The second impact concerns the companies that ceased to consider the ICMS in the calculation of PIS and Cofins since 03/15/2017. The Office of the Attorney General of the National Treasury (PGFN) published Opinion No. 7698/2021, in which it exempts the attorneys from contesting, offering counterarguments, filing appeals, in addition to authorizing the withdrawal of appeals already filed.
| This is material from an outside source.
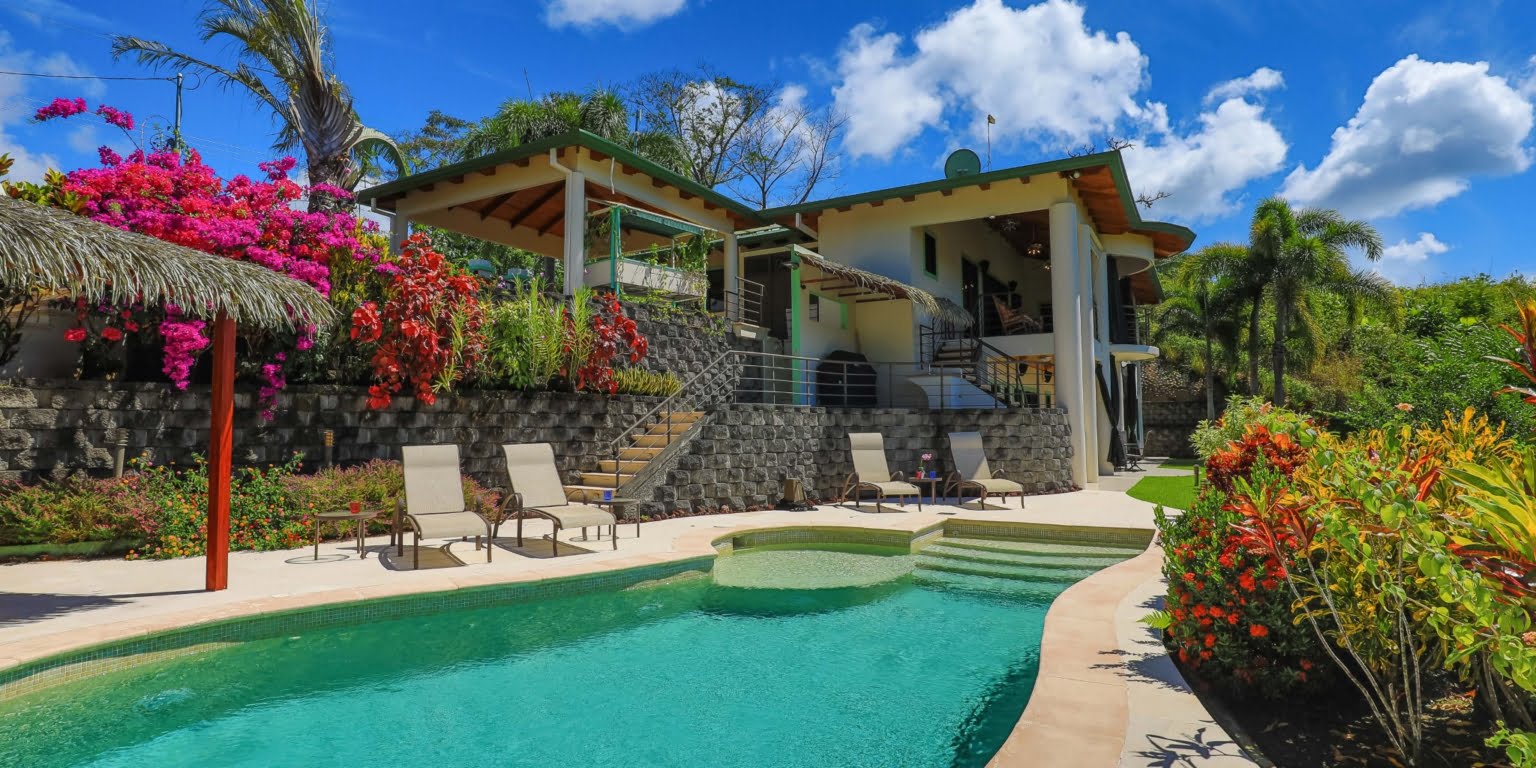 Relaxing & Elegant Beautiful 3-Bedroom Home with Mountain & Ocean Views in Chontales Costa Rica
Therefore, if there are collection lawsuits against the company, the tax credit charged by the Union will be declared extinguished.
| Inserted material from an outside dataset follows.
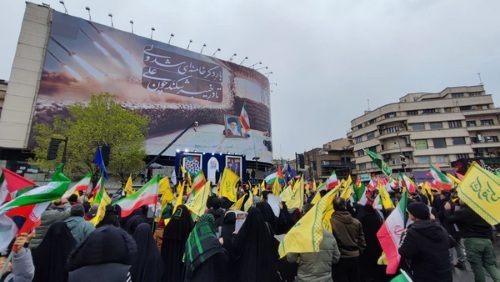 حضور حماسی و پرشور مردم در تاریخی‌ترین روز قدس انقلاب (عکس)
And the third impact is related to whether or not the company has a lawsuit discussing the exclusion of the ICMS from the calculation base of PIS and Cofins.

In the 2021 modulation decision, the STF decided that the companies that have a lawsuit filed before 03/15/2017 may recover the PIS and Cofins overpaid in the period of up to five years retroactively counting from the date of the filing of the lawsuit.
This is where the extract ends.